Le secteur des services financiers repose sur la confiance. Toute violation de la sécurité et non-conformité entraîne des pénalités et des coûts élevés en termes de réputation. Il est donc impératif que les banques améliorent leur cybersécurité, une tâche de plus en plus difficile à l’ère du numérique.

Le rythme accéléré des changements et les flux de données de plus en plus importants exigent une gestion accrue des risques opérationnels, et notamment des questions liées à la sécurité et à la conformité pour les banques de détail. Les dirigeants bancaires d’aujourd’hui sont confrontés à deux forces quelque peu opposées : la nécessité de procéder à une transformation numérique et celle d’assurer la sécurité de leurs systèmes.

Fausse confiance

Compte tenu des enjeux, il est surprenant d’entendre de nombreux dirigeants de banques déclarer être moins préoccupés par la cybercriminalité qu’il y a trois ans. Selon une étude de Cornerstone, près de 50 % des dirigeants de banques ont placé la cybersécurité en tête de leur liste de préoccupations en 2018. En 2020, ce chiffre est tombé à 21 %.

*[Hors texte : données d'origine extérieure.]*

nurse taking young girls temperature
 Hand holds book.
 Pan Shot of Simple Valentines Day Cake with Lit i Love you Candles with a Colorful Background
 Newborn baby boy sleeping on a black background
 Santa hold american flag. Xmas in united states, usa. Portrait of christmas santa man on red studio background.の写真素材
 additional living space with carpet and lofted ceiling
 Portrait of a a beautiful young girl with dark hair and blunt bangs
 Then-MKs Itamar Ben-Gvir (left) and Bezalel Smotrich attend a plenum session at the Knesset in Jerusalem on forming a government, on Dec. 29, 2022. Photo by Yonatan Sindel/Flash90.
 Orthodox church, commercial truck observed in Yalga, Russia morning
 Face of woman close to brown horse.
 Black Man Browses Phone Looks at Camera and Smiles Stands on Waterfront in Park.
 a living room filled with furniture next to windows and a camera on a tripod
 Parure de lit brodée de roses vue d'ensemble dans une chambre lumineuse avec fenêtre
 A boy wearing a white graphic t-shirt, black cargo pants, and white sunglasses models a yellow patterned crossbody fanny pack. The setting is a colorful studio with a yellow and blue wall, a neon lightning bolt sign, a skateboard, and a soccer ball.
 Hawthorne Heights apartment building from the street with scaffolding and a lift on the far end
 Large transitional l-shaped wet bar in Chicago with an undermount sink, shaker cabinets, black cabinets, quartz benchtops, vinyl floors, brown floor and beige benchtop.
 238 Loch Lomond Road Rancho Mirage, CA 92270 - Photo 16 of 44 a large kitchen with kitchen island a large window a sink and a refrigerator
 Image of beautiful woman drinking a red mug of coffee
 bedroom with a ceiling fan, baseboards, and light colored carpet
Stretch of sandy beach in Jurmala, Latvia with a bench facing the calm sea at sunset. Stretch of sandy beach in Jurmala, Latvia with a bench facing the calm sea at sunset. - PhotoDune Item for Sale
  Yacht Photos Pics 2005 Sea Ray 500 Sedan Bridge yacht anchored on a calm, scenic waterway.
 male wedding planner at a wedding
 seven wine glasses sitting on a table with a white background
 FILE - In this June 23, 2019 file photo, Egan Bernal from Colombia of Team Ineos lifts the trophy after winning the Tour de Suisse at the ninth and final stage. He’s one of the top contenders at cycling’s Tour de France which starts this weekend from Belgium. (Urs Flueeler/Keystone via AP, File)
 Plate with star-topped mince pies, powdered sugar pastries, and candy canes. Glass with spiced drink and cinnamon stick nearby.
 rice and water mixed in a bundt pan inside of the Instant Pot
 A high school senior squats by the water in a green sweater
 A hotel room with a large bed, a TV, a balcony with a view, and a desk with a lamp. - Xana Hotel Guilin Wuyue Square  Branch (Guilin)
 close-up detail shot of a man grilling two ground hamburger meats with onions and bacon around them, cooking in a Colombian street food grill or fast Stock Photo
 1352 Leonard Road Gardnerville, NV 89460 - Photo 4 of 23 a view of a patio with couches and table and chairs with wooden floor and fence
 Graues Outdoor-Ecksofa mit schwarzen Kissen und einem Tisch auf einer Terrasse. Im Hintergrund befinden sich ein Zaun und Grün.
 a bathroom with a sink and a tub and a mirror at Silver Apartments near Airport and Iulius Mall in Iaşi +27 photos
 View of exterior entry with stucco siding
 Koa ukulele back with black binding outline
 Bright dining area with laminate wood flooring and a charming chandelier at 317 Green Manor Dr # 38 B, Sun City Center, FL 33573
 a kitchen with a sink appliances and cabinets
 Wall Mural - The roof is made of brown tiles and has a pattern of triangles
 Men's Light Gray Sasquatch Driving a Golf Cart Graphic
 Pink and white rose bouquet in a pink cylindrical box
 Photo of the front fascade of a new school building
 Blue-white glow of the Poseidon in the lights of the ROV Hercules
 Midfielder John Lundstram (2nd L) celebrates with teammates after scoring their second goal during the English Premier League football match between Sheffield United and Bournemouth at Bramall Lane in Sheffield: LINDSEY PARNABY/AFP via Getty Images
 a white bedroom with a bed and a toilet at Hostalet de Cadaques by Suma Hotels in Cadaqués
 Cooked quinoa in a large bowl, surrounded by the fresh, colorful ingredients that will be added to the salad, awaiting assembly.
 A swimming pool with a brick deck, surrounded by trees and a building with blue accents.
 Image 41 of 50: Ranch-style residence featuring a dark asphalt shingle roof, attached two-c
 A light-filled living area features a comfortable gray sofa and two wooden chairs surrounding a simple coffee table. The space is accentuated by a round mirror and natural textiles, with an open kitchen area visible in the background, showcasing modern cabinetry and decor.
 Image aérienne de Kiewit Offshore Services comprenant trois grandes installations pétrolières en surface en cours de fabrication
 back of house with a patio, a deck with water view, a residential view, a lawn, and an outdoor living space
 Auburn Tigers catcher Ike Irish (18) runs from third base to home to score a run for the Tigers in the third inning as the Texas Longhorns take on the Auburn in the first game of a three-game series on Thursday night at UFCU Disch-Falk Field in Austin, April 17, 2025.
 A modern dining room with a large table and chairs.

Même si ces données ne reflètent pas entièrement l’impact de la COVID-19, elles montrent cependant que ces dernières années la cybersécurité est devenue une habitude. De nombreuses banques disposent aujourd’hui de meilleures pratiques de sécurité interne, de responsables de la protection des données et de systèmes d’alerte. Cependant, il y a encore un certain niveau de complaisance. Et il est peu probable que les choses deviennent plus faciles dorénavant.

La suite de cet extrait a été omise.